### PROBLEM TO SOLVE
Could you print the stretch of lines below from the one with "You can just" through the one with "Let's begin. First, we", exactly as they stand and without any pictures?
——————
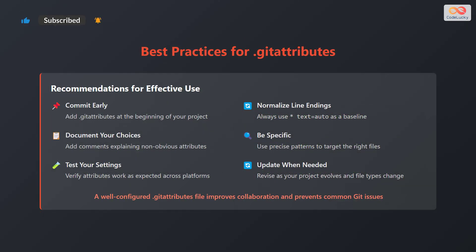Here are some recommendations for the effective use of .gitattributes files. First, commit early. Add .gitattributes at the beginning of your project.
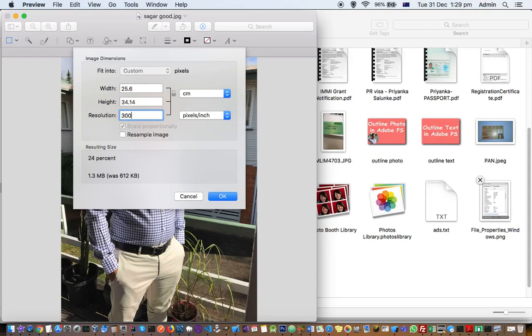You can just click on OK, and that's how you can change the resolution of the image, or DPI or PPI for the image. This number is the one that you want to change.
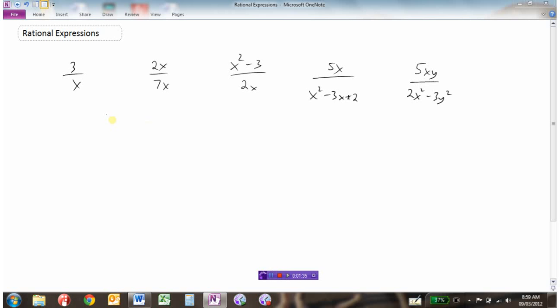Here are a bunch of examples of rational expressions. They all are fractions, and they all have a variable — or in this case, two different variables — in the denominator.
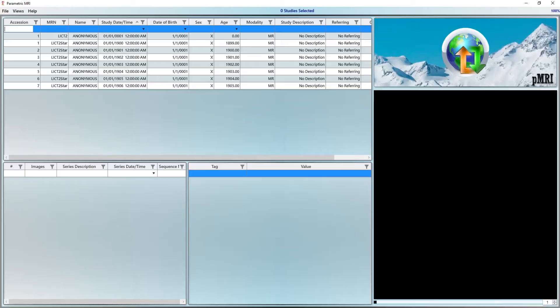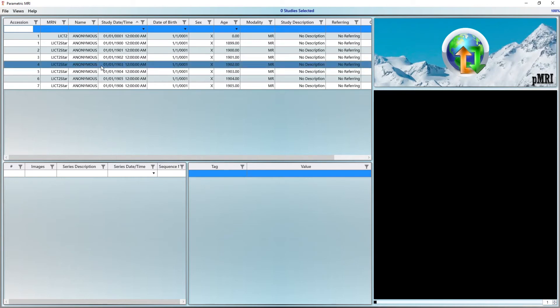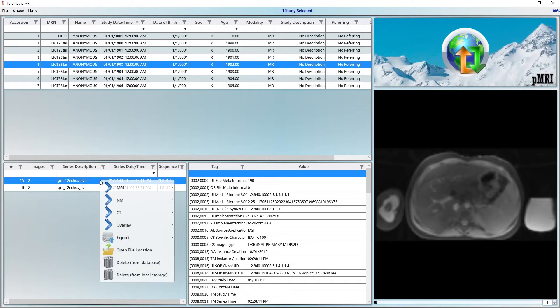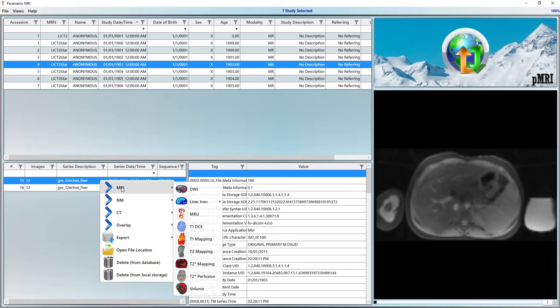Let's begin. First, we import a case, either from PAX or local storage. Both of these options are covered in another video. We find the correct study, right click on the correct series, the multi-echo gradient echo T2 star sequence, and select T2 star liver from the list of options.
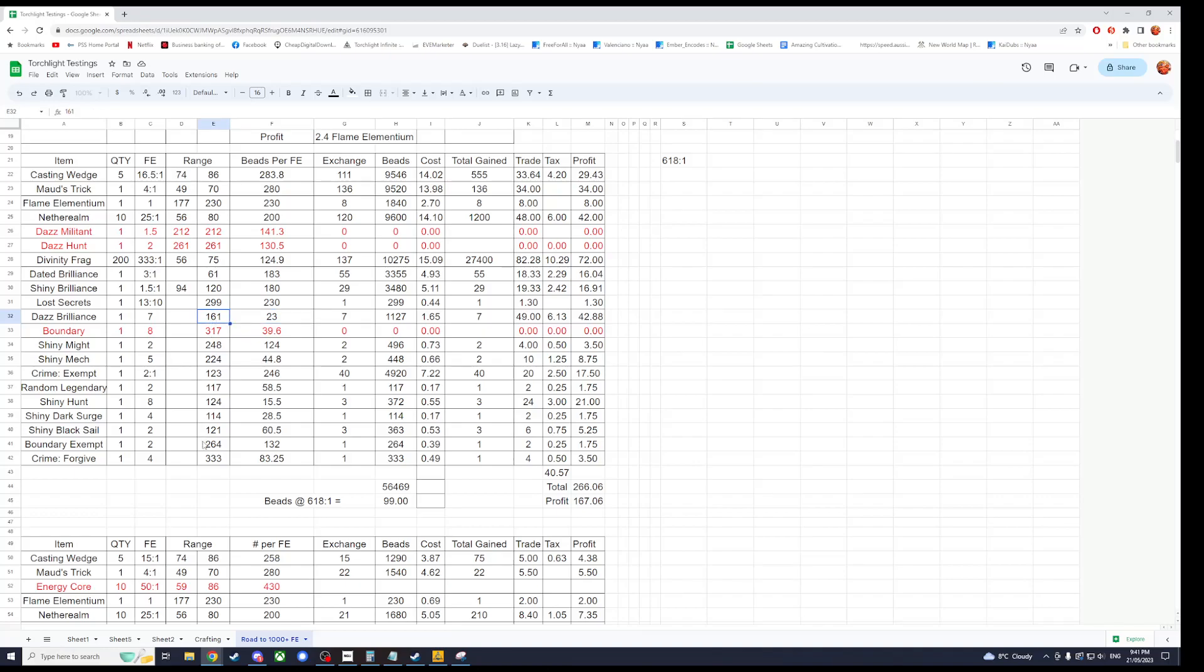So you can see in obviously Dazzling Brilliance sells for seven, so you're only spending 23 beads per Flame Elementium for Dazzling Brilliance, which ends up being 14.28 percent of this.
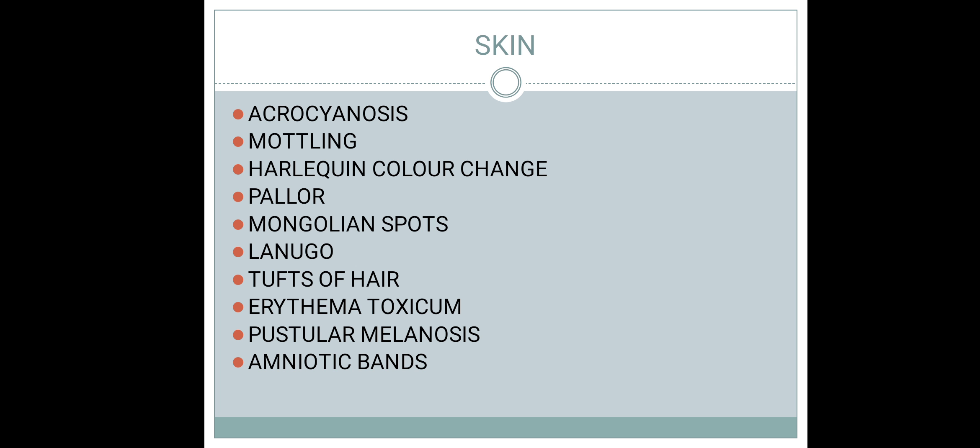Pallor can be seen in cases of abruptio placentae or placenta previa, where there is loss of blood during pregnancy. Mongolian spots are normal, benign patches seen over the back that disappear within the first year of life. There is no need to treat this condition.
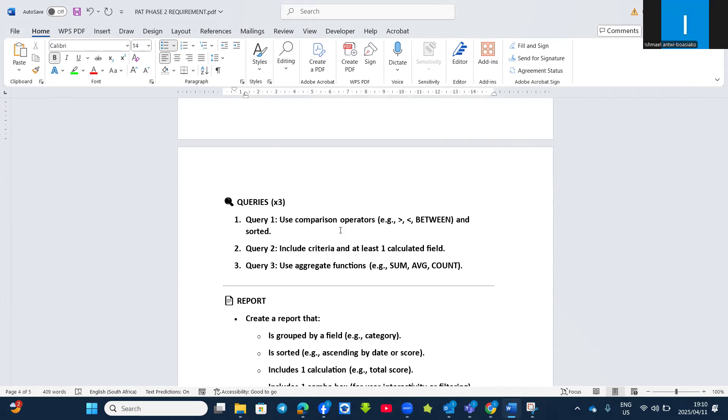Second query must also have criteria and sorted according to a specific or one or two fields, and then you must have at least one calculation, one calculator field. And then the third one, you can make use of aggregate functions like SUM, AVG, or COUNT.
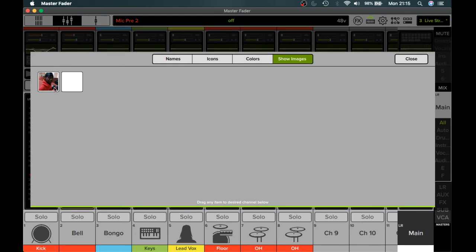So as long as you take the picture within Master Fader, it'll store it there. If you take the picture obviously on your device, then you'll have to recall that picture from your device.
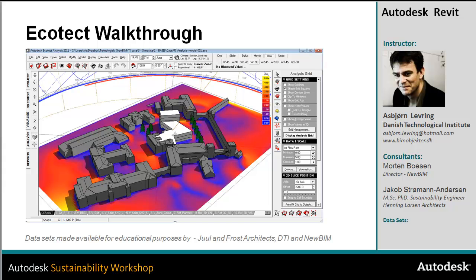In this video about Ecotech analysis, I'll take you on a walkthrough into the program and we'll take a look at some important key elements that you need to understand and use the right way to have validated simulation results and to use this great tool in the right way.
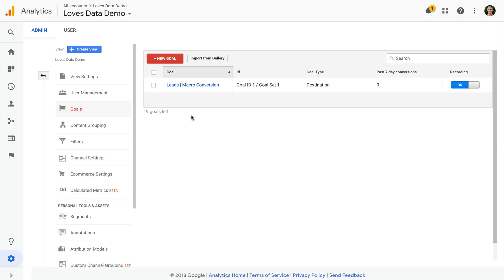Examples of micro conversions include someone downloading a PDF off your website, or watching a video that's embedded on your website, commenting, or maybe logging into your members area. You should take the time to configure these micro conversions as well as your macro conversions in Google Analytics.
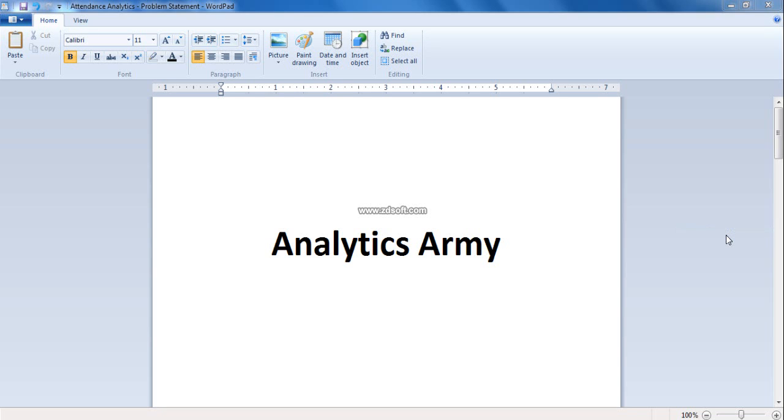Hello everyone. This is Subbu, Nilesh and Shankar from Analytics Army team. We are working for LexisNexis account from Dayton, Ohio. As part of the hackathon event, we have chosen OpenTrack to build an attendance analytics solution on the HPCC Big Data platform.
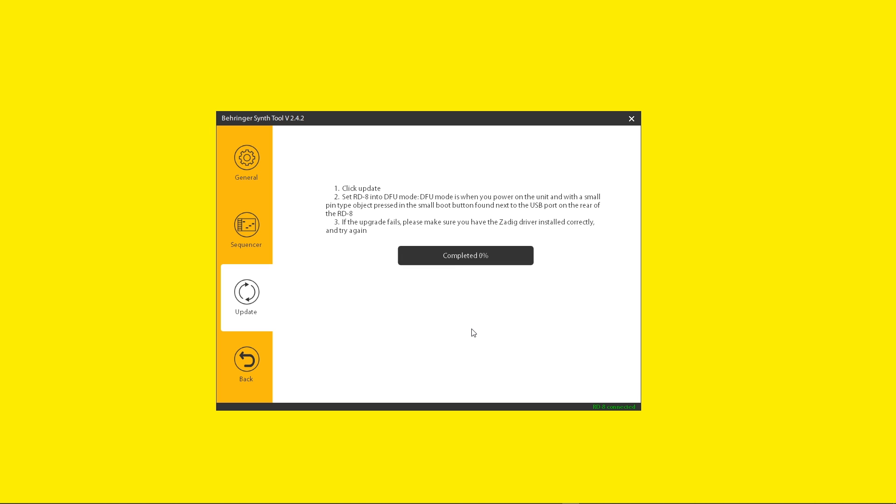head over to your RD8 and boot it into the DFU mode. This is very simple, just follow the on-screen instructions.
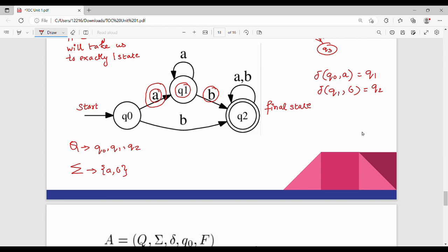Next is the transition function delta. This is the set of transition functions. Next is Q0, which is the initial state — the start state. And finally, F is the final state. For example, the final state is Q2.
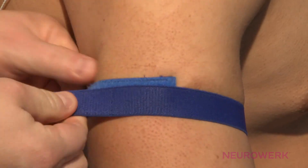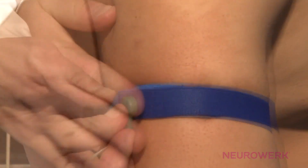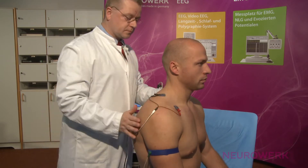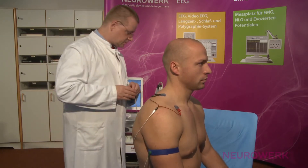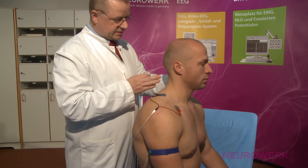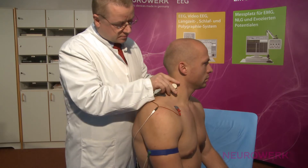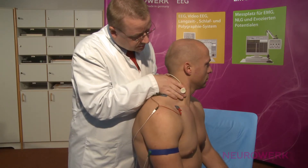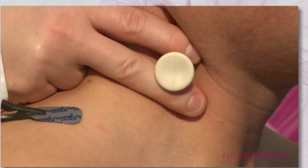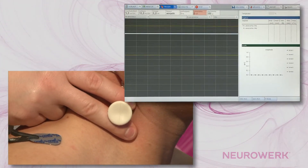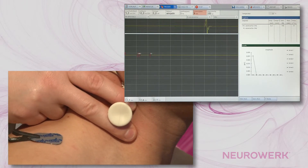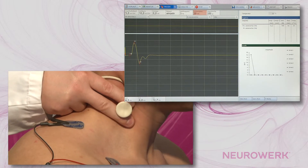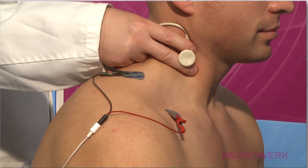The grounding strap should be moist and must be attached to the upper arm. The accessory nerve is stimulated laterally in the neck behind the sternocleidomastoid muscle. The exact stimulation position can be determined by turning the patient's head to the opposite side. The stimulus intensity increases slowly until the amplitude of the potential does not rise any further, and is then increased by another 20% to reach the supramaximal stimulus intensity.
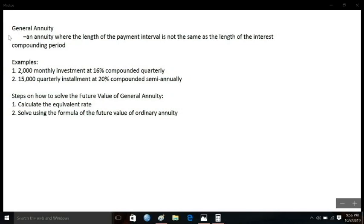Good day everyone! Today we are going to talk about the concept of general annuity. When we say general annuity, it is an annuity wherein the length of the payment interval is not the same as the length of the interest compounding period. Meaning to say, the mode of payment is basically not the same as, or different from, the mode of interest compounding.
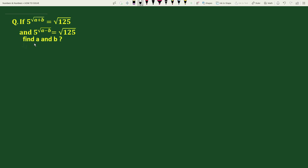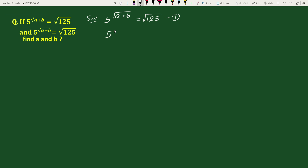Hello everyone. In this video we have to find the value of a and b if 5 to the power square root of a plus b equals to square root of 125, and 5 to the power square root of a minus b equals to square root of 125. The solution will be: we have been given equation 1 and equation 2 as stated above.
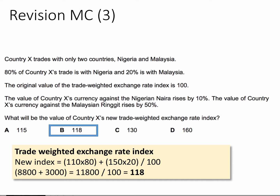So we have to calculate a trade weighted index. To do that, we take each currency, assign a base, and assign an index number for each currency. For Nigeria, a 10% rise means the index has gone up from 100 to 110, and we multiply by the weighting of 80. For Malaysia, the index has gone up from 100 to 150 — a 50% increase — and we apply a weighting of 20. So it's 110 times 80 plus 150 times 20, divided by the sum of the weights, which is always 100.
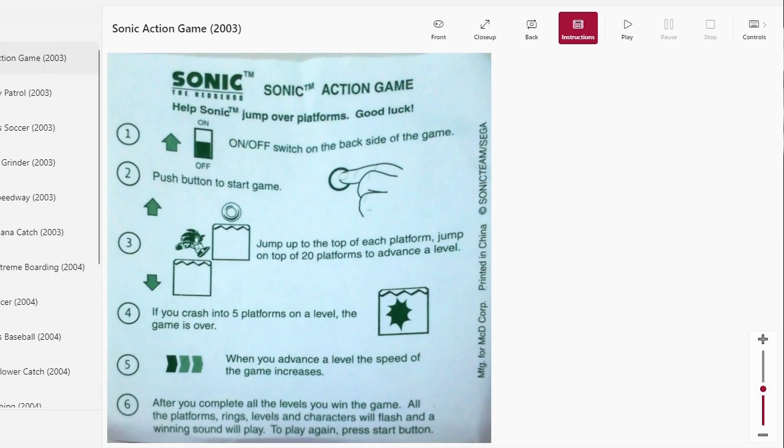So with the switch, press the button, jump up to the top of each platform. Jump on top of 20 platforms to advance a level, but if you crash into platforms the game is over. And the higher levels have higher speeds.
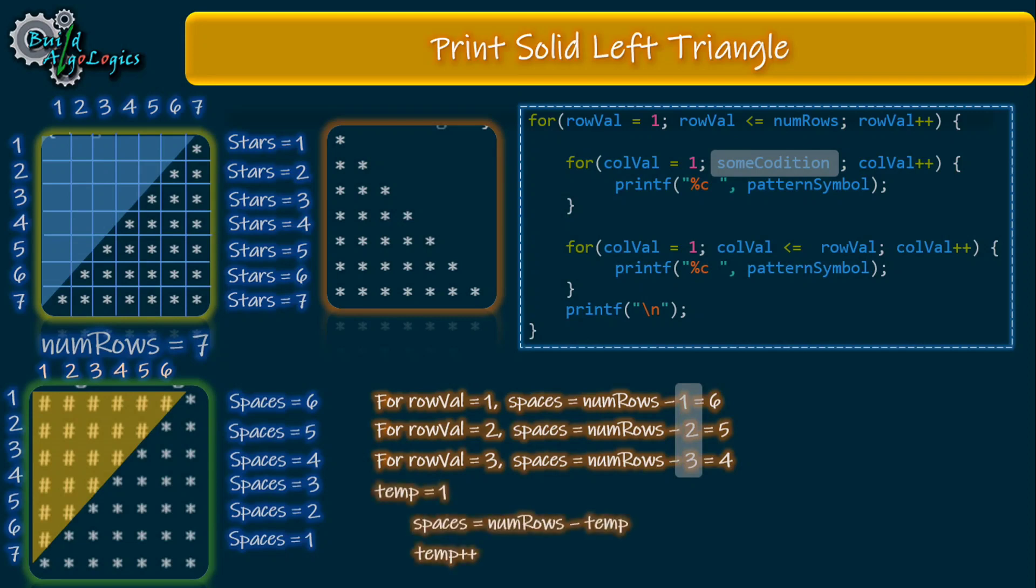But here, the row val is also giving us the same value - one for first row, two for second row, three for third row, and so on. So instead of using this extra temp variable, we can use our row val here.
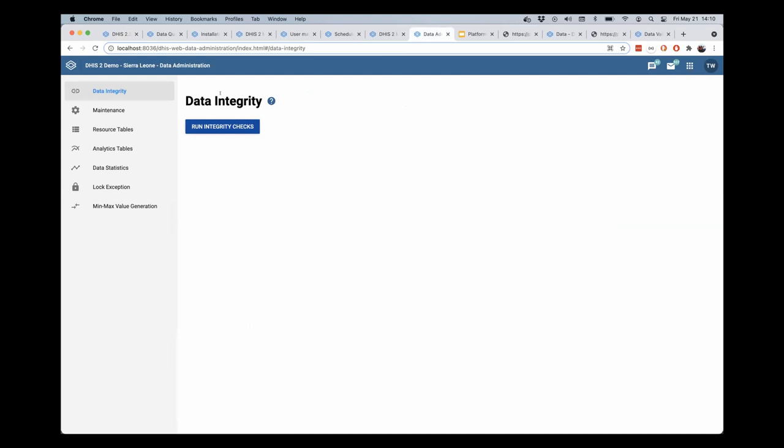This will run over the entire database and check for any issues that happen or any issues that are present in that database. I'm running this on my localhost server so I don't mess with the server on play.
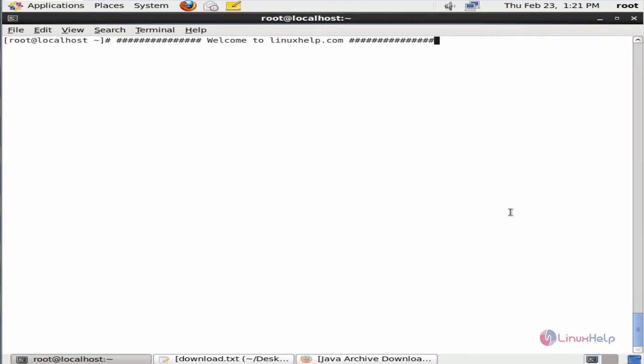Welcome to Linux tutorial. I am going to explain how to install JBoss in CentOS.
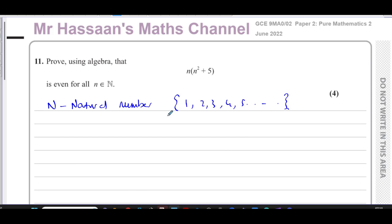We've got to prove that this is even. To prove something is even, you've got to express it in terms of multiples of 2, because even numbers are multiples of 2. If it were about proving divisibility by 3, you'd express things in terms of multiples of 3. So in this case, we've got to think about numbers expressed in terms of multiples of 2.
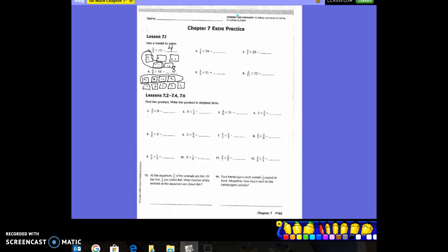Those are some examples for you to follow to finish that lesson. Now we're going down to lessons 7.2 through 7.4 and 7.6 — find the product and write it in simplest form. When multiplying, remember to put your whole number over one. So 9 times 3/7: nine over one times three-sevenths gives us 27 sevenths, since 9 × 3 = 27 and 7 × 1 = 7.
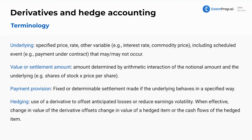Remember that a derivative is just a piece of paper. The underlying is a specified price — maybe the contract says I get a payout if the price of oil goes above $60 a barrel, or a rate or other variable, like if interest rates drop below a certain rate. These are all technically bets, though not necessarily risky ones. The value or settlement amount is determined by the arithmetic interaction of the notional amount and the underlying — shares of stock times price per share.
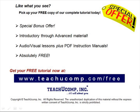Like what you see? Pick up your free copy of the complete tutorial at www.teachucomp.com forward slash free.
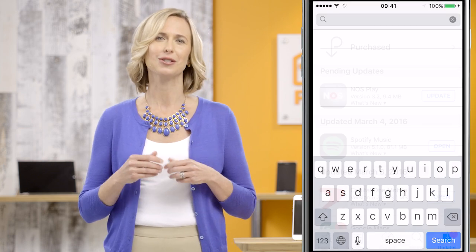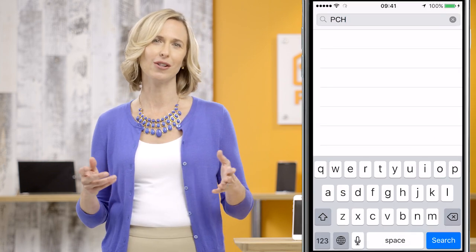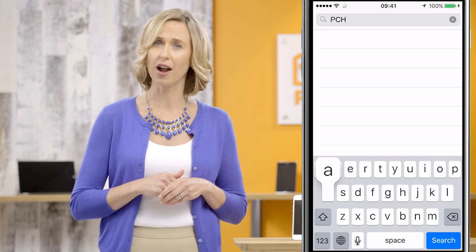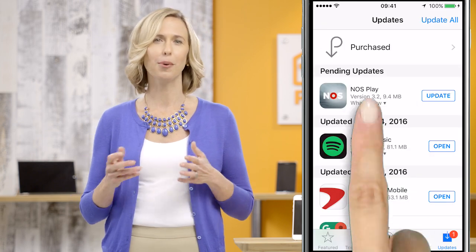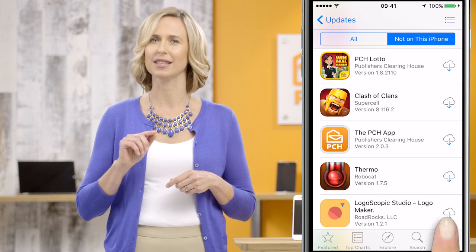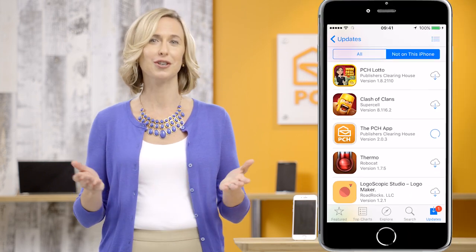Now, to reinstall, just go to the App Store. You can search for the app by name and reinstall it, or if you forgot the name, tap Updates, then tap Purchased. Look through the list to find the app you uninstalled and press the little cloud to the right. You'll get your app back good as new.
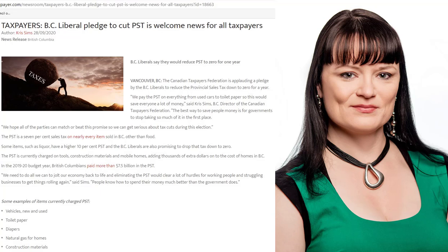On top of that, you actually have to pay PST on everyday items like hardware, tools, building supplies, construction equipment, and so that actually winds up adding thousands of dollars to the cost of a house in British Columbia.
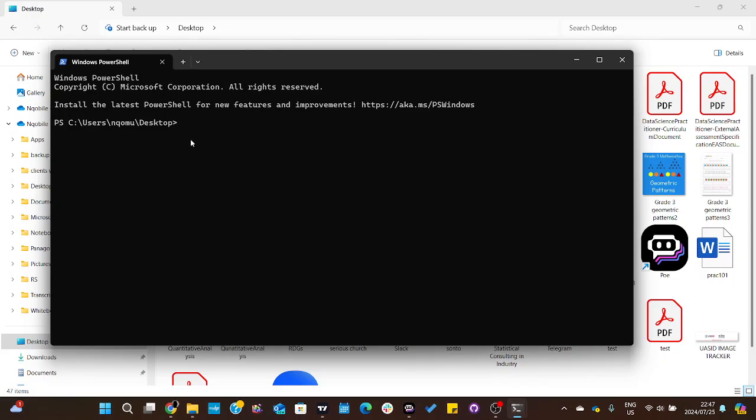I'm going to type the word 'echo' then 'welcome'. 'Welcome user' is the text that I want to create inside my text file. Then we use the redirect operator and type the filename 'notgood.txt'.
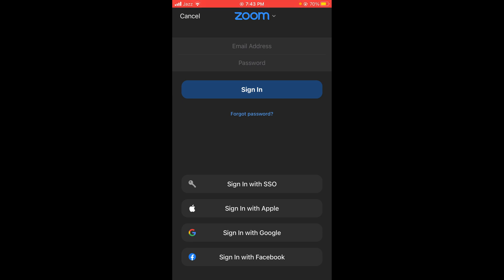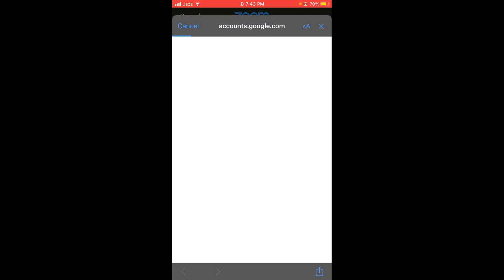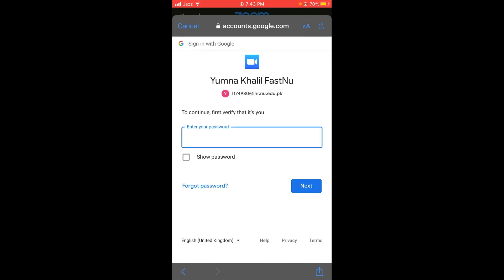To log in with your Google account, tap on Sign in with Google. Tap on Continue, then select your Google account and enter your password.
——————
### TASK RESPONSE
You can just click on OK, and that's how you can change the resolution of the image, or DPI or PPI for the image. This number is the one that you want to change.
Here are a bunch of examples of rational expressions. They all are fractions, and they all have a variable — or in this case, two different variables — in the denominator.
Let's begin. First, we import a case, either from PAX or local storage. Both of these options are covered in another video. We find the correct study, right click on the correct series, the multi-echo gradient echo T2 star sequence, and select T2 star liver from the list of options.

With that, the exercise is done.